Now, here’s the gotcha. Basic performance is fine, but we don’t have data for how the service will perform under load. Since you’re presumably buying a higher-end managed hosting service, you’re probably expecting some level of traffic.
I say this a lot in my reviews, but take advantage of the money-back time period to fully test out results for yourself. You have 60 days with WP Engine. Make sure to use them. And if you run into performance issues, reach out to the company. Managed hosting services are supposed to provide better hands-on support, so use it.
Support and money-back guarantee
The company does have 24/7/365 live chat support. I tried it out at 1am on a Sunday morning (what? I’m a night person) and found the support representative to be both knowledgeable and friendly.
WP Engine offers a 60-day money-back guarantee. Here’s a blog post that explains how to cancel the various types of service.
I got no complaints. No, seriously, I have no complaints. Other than a few component versions being out of date (but still within the system requirements for WordPress), I have nothing to ding them over.
Setup was straightforward. The hosting dashboard, while not as comprehensive as cPanel, provided all the resources a well-equipped WordPress would require. The addition of development and staging versions, along with the transferable sites provides a lot of flexibility for a 1-site plan.
SSL worked and passed my tests, and site responsiveness was good. Support was responsive, helpful, and intelligent in the middle of the night on a weekend.
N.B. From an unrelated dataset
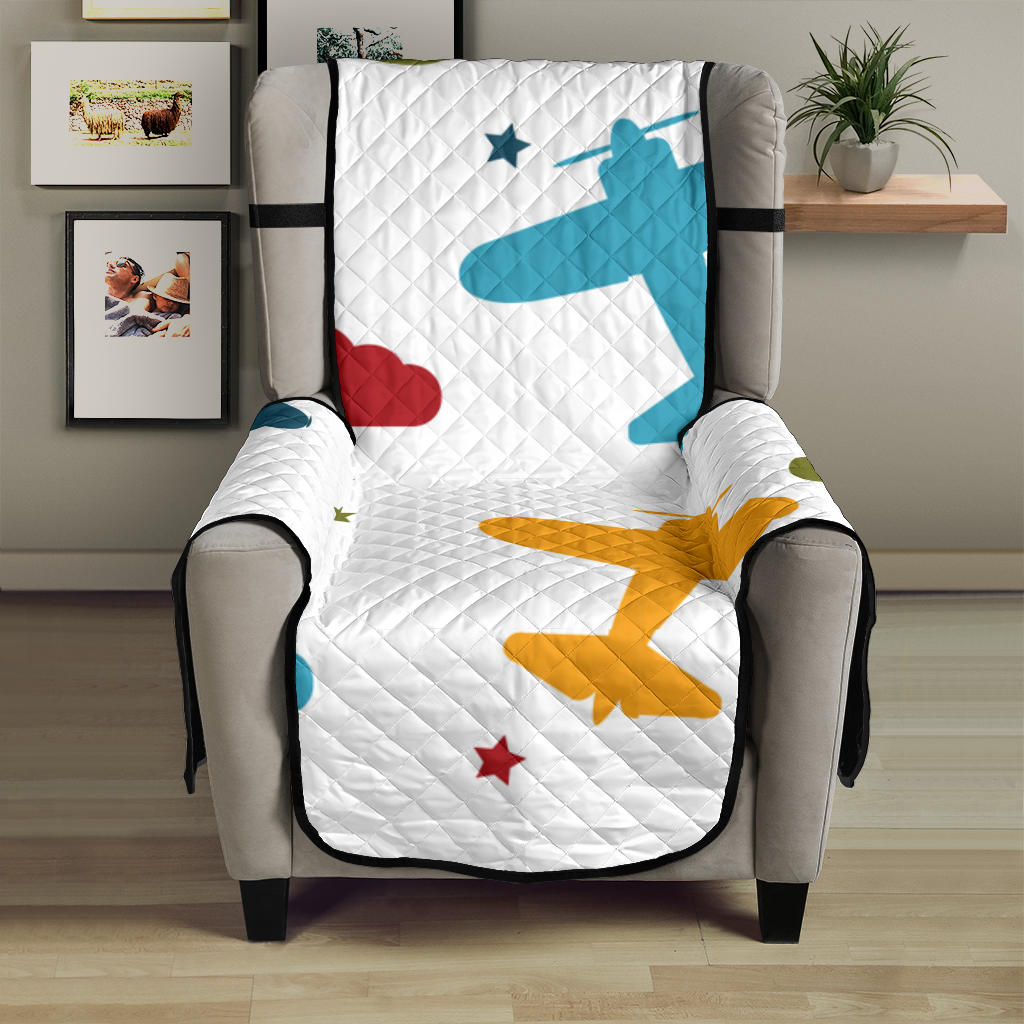 Airplane star cloud colorful Chair Cover Protector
If you’re looking for a super-cheap hosting offering, this isn’t it. But if you’re serious about hosting your site, you could do a lot worse than WP Engine. I don’t do star reviews, but I’d give it a four (out of five).
The only reason I wouldn’t give it a five is I’d never give a hosting provider a top rating on just a week or so of evaluation. You don’t really get to know your hosting provider until you’ve worked with them for a few years and resolved a few crisis events.
That said, if I had to move my sites to another provider, I’d definitely consider WP Engine.